*** Block opens ***

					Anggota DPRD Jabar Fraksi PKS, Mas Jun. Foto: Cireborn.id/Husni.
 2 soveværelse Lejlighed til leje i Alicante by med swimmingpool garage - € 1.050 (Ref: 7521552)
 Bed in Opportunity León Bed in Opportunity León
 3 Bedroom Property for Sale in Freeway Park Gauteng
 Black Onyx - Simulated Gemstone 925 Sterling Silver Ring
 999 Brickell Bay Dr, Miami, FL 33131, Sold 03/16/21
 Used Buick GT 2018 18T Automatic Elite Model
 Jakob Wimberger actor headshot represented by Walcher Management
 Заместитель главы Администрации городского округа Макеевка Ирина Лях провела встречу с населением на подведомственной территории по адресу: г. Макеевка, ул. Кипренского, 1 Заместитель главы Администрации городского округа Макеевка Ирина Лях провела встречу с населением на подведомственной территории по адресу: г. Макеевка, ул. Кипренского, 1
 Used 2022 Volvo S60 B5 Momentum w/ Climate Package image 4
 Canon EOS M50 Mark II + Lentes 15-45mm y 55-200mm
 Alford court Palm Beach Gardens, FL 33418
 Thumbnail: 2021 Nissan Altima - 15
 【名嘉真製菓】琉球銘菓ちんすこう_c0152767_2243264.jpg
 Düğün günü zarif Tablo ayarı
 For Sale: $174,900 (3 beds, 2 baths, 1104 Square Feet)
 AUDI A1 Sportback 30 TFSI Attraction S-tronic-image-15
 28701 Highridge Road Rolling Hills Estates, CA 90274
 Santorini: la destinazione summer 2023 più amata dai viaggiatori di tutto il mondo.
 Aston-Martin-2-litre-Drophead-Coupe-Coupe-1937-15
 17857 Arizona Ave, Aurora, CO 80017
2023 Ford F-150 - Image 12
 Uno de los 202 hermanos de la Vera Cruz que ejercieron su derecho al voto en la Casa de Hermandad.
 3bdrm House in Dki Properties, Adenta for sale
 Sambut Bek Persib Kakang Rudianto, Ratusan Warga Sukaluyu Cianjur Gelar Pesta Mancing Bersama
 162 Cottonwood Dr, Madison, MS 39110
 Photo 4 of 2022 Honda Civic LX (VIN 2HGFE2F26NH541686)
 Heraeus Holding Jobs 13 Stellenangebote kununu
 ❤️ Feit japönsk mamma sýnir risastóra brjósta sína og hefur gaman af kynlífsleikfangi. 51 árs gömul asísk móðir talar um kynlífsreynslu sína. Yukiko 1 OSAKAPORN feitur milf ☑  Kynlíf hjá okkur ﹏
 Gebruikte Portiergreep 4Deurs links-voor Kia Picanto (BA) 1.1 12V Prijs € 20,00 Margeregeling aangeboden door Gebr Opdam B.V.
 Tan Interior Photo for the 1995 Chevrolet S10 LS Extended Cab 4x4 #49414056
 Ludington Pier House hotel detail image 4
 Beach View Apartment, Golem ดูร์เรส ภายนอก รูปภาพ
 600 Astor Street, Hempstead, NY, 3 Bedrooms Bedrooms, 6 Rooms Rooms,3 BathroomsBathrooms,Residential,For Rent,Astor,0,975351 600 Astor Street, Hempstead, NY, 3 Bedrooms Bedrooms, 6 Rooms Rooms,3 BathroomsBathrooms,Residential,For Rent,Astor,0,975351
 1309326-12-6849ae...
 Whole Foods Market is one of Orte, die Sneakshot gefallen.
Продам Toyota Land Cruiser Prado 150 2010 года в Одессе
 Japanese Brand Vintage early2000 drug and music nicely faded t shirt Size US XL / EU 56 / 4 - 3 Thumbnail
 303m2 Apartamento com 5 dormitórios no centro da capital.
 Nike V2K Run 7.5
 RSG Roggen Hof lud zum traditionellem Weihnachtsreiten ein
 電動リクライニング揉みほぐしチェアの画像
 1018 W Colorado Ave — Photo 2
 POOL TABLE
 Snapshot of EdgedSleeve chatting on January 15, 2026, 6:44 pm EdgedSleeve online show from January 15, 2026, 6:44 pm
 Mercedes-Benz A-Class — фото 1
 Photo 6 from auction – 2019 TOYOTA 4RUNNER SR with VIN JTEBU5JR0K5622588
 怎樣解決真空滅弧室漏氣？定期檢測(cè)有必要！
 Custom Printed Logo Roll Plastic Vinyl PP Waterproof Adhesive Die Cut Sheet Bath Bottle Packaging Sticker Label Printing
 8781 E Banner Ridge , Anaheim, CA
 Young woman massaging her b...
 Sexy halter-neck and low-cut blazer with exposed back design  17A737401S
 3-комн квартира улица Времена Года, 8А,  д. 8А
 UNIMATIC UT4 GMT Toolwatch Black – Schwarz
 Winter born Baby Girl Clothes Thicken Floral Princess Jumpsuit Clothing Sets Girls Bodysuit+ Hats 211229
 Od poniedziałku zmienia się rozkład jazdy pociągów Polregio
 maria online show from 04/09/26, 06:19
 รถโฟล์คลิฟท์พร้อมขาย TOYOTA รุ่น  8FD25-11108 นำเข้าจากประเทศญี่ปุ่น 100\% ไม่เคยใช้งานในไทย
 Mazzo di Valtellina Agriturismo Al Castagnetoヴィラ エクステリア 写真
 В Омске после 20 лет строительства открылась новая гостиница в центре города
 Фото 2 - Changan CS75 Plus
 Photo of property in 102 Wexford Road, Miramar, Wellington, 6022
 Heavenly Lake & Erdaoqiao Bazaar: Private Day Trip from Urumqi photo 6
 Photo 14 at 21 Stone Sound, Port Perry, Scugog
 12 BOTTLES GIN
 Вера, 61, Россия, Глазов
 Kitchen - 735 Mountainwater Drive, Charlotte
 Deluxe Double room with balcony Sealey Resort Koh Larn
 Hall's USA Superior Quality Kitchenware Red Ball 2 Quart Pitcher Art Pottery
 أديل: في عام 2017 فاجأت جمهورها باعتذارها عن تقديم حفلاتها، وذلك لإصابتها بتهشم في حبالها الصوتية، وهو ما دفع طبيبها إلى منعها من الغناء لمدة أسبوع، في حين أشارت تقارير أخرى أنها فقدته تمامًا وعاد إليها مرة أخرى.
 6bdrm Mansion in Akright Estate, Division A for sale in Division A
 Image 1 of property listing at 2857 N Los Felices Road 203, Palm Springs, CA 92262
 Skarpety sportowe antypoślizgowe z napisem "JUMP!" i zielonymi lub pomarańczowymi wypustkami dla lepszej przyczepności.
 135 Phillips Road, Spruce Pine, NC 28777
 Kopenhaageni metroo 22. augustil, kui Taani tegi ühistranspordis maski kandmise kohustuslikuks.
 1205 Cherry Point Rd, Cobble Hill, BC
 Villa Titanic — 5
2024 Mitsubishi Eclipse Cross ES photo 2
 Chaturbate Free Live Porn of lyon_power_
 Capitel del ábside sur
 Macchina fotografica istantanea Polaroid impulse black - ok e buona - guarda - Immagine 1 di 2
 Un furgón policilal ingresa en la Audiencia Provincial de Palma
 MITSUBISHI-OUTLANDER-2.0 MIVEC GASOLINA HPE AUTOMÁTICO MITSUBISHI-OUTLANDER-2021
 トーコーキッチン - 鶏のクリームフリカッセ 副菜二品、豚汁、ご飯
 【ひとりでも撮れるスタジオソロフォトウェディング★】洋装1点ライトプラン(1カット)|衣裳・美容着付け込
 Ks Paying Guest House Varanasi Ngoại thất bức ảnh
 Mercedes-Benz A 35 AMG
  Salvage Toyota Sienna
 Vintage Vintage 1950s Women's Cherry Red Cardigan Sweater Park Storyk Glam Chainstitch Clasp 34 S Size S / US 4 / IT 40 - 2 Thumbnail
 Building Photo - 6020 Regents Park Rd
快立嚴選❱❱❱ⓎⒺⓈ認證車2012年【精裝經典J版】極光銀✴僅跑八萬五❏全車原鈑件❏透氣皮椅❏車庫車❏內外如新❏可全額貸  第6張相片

*** Block closes ***

**Directions**: Using the listing above, locate the lines that hold "Thumbnail" and copy each one.

**Answer to this task**:
 Thumbnail: 2021 Nissan Altima - 15
 Japanese Brand Vintage early2000 drug and music nicely faded t shirt Size US XL / EU 56 / 4 - 3 Thumbnail
 Vintage Vintage 1950s Women's Cherry Red Cardigan Sweater Park Storyk Glam Chainstitch Clasp 34 S Size S / US 4 / IT 40 - 2 Thumbnail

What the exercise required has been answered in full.